Inspeção não ouviu presencialmente a CEO da TAP “por uma questão de língua” (e ela acabou demitida). E o administrador financeiro não sabia da indemnização de €500.000 a Alexandra Reis

29 mar 2023, 20:49
António Manuel Ferreira dos Santos (Lusa)

Arrancou a comissão parlamentar de inquérito à TAP. Inspetor-geral das Finanças foi o primeiro ouvido. Para explicar o relatório da instituição sobre a indemnização a Alexandra Reis. E quem sabia o quê

O líder da Inspeção-Geral de Finanças (IGF) reconheceu que a presidente executiva da TAP em funções, Christine Ourmières-Widener, não foi ouvida presencialmente por aquela entidade “por uma questão de língua”. A CEO já foi demitida pelo Governo (que alega justa causa), continua em funções e já admitiu recorrer aos tribunais - uma das razões para isso é precisamente não ter sido ouvida pela inspeção.

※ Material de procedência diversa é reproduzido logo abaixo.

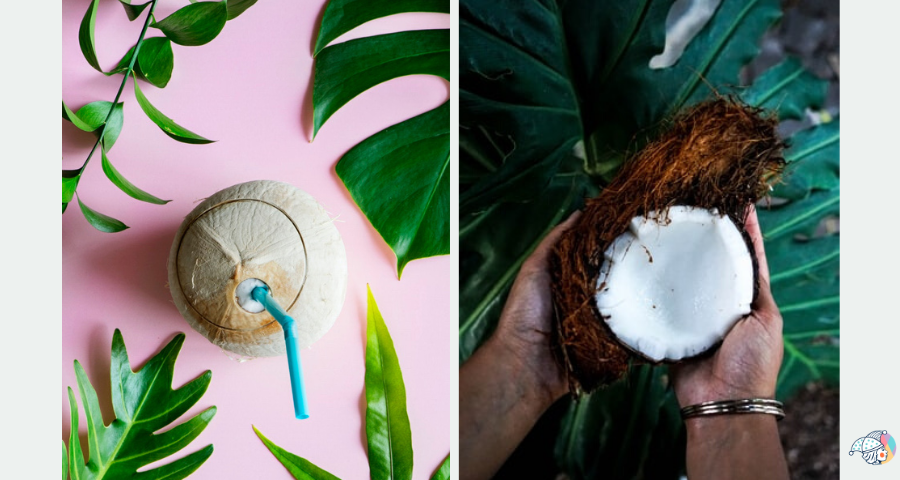 В чем польза кокоса? 9 главных полезных свойств (+4 рецепта)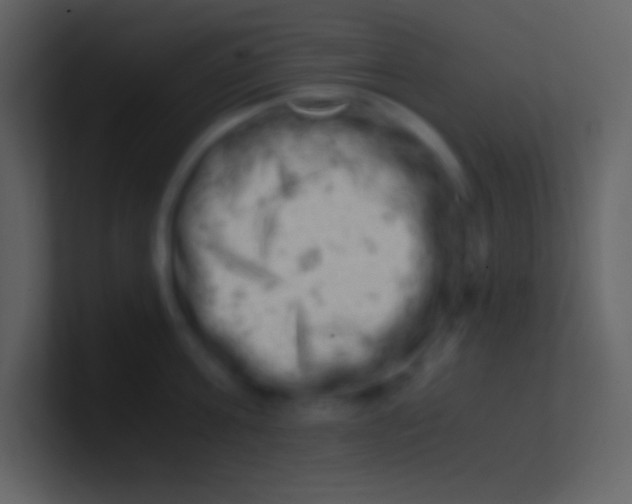 X0000100930811200807081211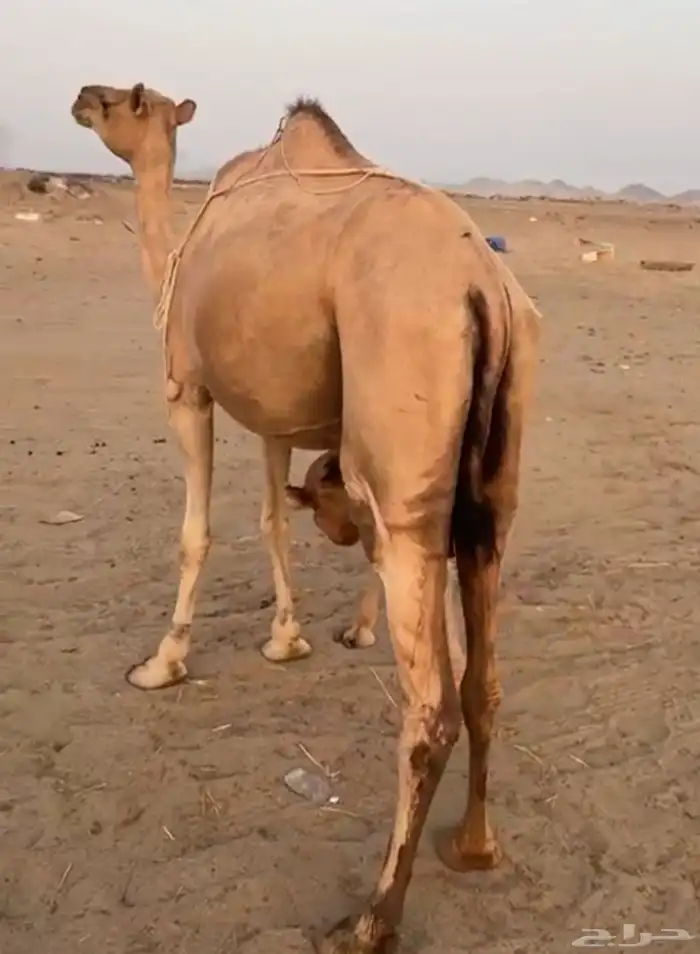 ناقة خلفة معها بكرة توها ثنية 0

No Parlamento, no arranque da comissão parlamentar de inquérito à gestão da TAP, António Manuel Ferreira dos Santos explicou que, dado o caráter técnico dos temas que queria esclarecer, a IGF enviou um conjunto de questões escritas em Português à CEO da TAP.

O facto de não ter sido ouvida presencialmente pela IGF está a ser usado pela gestora francesa para contestar o ofício da Direção-Geral do Tesouro e Finanças (DGTF) com o seu projeto de demissão. Ainda assim, o inspetor-geral de Finanças, que obteve conhecimento desta posição pela imprensa, insistiu que a entidade sempre esteve “disponível” para ouvir Christine Ourmières-Widener se essa tivesse sido a sua vontade.

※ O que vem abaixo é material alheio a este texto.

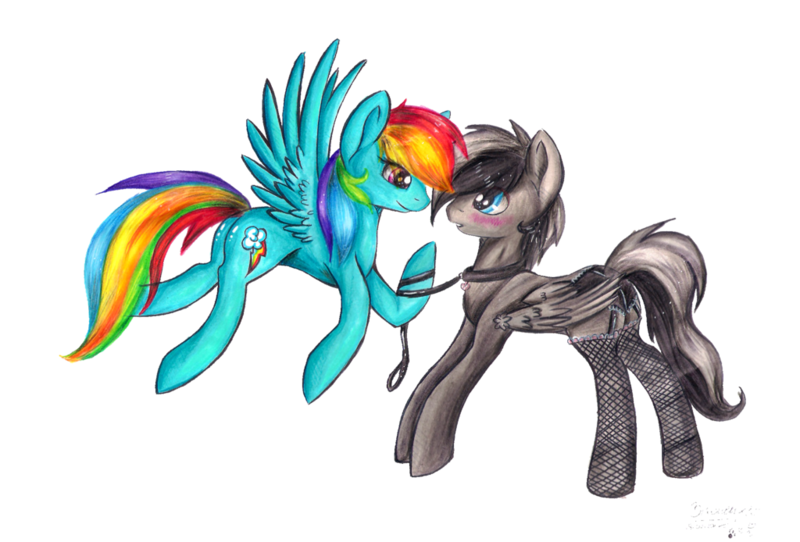 Size: 1024x694 | Tagged: suggestive, artist:bizonekx33, derpibooru import, rainbow dash, oc, oc:shadow, pegasus, pony, blushing, canon x oc, clothes, collar, commission, crossdressing, femboy, femdom, garter belt, girly, lace, male, panties, shipping, simple background, stockings, straight, traditional art, transparent background, trap, underwear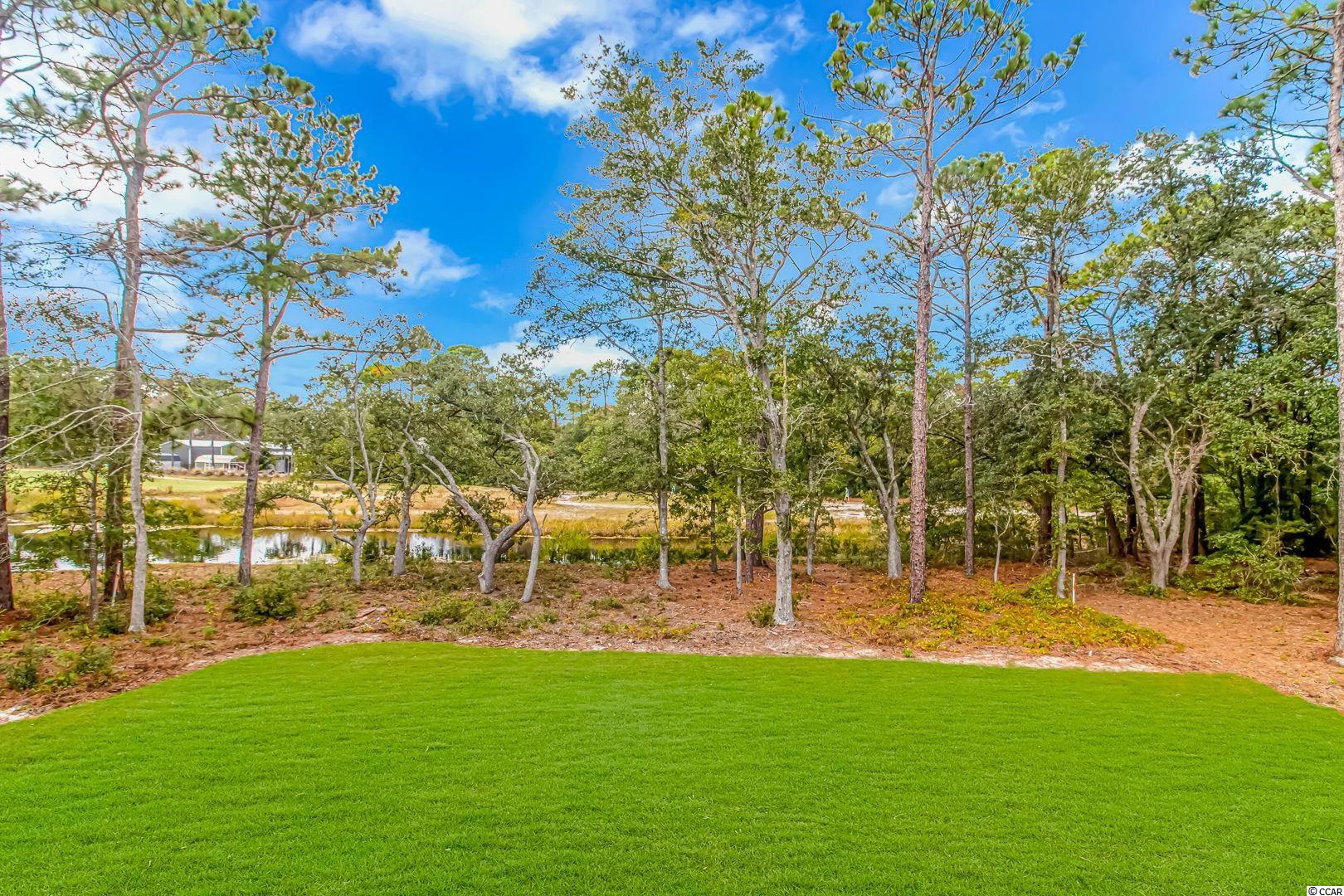 130 Springfield Road Pawleys Island, SC 29585 - Photo 31 of 36 Gallery Image 31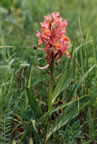 Dactylorhiza sambucina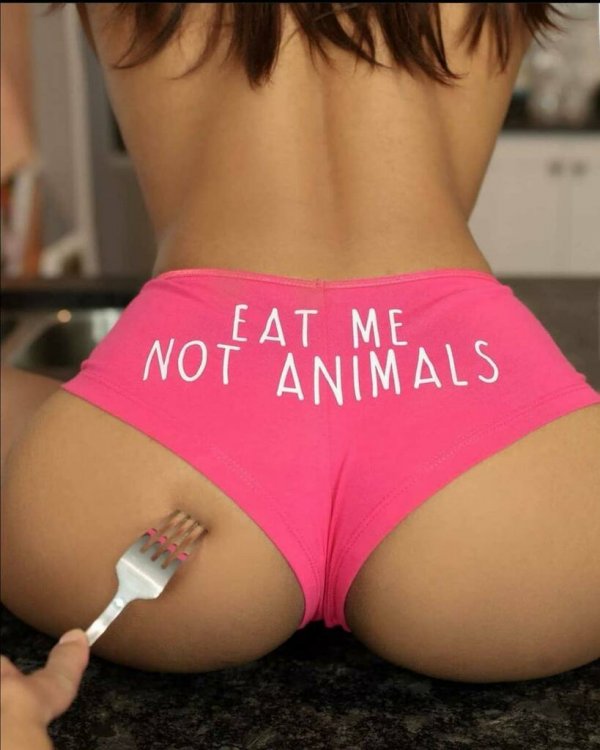 DON'T EAT ANIMALS.jpg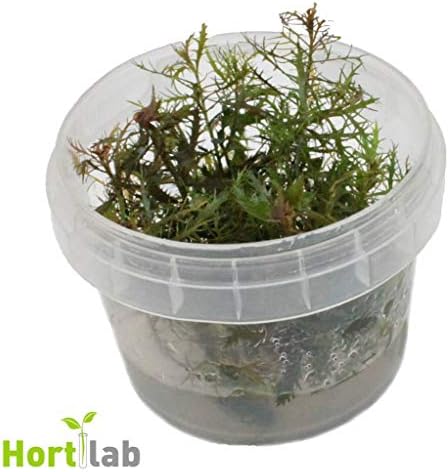 Proserpinaca palustris in-vitro - Live Aquarium Plant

Para preparar o relatório sobre a polémica indemnização paga pela TAP a Alexandra Reis, a IGF ouviu a audição no Parlamento da CEO, aproveitando “aquilo que achámos conveniente” e juntando depois os esclarecimentos escritos, explicou António Manuel Ferreira dos Santos aos deputados.

Confrontado pelos parlamentares, que lembraram o uso de tradutor na Assembleia da República, o porta-voz da IGF reconheceu que podia ter sido seguida a mesma solução. “No fundo, havia questões específicas a que queríamos ter resposta por escrito. Não foi tanto a língua”, concretizou depois.

500.000 negociados "à margem do conselho de administração"

Neste arranque de comissão parlamentar de inquérito à gestão da TAP, o inspetor-geral de Finanças veio também desresponsabilizar o administrador financeiro da companhia aérea, Gonçalo Pires, do processo relativo à indemnização de meio milhão de euros a Alexandra Reis. “Toda a negociação terá ocorrido à margem do conselho de administração e da comissão executiva”, concretizou. Segundo António Manuel Ferreira dos Santos, o “processo de tomada de decisão e pagamento” foi conduzido por Christine Ourmières-Widener e Manuel Beja.

Já sobre o ex-ministro das Infraestruturas Pedro Nuno Santos e o ex-secretário de Estado das Infraestruturas Hugo Santos Mendes, assegurou que foram os únicos membros do Governo a par da indemnização, com “inegável intervenção no processo”, embora “revestida de elevado grau de informalidade”. Ambos, concretizou, terão confiado no “pressuposto da respetiva validade legal” assegurada pela CEO.

“Pelo que pudemos apurar, mais nenhum membro do Governo teve envolvimento ou conhecimento prévio do Governo”, acrescentou. Ou seja, é tirada responsabilidade ao antigo ministro das Finanças, João Leão, e da sua secretaria de Estado do Tesouro.

Confrontado sobre Medina, que assumiu funções já depois de decidida a indemnização, o líder da IGF também descartou responsabilidades.

Administrador financeiro sem conhecimento

Apesar da retirada de responsabilidades ao administrador financeiro, Gonçalo Pires - que vai ouvido pela comissão parlamentar de inquérito esta quinta-feira -, os deputados não ficaram satisfeitos com o cenário.

O PSD, através de Hugo Carneiro, exigiu que fosse lida a ata sobre a audição deste responsável, uma vez que ela não fazia parte da documentação enviada aos deputados. Embora escolhido pelo Estado, que é o acionista maioritário, António Manuel Ferreira dos Santos explicou que Gonçalo Pires não estava obrigado, na prática, a reportar à tutela.

Hugo Carneiro havia de insistir que Gonçalo Pires, apesar de não ter acesso ao processo de indemnização, tinha acesso aos registos da massa salarial, podendo identificar o diferencial acentuado.